It’s been awhile since my last rant. I’ve got some pent-up passion to let flow, so here goes…
Association is an expression of identity. Depending on who we consider ourselves to be, we align with larger groups – whether they be nationalities, ethnicities, genders, professions, sexual orientations, religions, philosophies, or whatever. When asked to answer the question ‘Who are you?’ in only five words, I predict that most people would use their five words to make associations with a larger group: I’m a carpenter, I’m a woman, or I’m Portugese. Association is an expression of identity.
So it bothers me when people make generalizations about a particular group, and then follow it up with the casual modifier: ‘I don’t mean you, of course – nothing personal.’
I encounter this often with respect to gender: ‘Men are so messy! Not you though; I don’t mean you.’ Umm… pardon me? Either you don’t actually support the comment you’ve just made, or you’re implying that I’m somehow less than a man. Another example: ‘Nothing personal, but women are so contradicting.” The lame self-rescue attempt of “nothing personal” is completely bogus. Gender is personal! As a component of identity, nothing could be more personal!

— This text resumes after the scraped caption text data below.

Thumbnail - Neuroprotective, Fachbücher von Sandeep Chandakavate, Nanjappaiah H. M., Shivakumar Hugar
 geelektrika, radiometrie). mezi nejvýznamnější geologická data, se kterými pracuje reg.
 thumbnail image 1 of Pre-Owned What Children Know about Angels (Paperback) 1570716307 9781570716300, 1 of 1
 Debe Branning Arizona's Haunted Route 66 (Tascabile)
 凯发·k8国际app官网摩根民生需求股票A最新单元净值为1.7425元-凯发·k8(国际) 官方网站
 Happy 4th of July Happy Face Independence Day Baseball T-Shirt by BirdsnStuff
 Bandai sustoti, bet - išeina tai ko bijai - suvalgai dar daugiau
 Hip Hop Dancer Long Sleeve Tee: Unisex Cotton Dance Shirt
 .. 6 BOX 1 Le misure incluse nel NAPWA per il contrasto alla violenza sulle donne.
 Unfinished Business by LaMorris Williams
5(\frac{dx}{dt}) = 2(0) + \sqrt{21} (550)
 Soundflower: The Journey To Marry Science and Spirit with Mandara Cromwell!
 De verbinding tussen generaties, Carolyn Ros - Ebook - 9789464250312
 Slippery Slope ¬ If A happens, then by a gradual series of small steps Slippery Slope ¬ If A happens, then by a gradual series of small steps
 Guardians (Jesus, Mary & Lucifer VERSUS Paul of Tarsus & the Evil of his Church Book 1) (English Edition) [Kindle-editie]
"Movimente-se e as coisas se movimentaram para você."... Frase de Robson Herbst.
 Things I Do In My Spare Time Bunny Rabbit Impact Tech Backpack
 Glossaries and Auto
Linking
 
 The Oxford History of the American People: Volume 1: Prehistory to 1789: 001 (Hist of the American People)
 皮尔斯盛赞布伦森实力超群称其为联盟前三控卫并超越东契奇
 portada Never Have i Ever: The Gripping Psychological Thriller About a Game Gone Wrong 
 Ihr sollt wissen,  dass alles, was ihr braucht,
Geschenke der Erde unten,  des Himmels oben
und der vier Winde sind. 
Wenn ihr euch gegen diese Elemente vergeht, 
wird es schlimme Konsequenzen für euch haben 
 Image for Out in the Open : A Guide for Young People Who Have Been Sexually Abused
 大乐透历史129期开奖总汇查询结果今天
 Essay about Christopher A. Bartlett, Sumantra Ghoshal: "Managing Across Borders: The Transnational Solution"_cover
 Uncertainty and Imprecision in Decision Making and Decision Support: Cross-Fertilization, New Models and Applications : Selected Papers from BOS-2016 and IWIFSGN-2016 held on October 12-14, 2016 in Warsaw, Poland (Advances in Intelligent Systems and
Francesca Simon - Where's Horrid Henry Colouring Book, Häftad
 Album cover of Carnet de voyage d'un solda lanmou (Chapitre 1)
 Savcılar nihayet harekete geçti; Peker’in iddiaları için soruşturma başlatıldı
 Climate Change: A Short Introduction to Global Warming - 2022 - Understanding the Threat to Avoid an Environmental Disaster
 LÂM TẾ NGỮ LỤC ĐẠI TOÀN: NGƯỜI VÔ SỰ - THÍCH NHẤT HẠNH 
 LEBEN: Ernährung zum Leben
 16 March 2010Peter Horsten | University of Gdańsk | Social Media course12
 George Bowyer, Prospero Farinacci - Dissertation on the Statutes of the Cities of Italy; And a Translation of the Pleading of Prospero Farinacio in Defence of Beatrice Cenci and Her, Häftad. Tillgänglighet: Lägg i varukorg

The same is true for all other aspects of identity. If I make judgements about Dutch people, but excuse their applicability from every Dutchman that I personally encounter, then clearly my judgements are meaningless. Worse, they’re degrading. I’ve taken a person, and stripped them of their association. Perhaps I think that I’m doing them a generous favour by differentiating how it doesn’t apply to them, but the insult of lost identity is far worse.
The associations we choose to make (and the corresponding words that we use to identify ourselves with) are profoundly personal. When others partition us as somehow aberrant from the group, it robs from us a piece of our identity. That’s personal.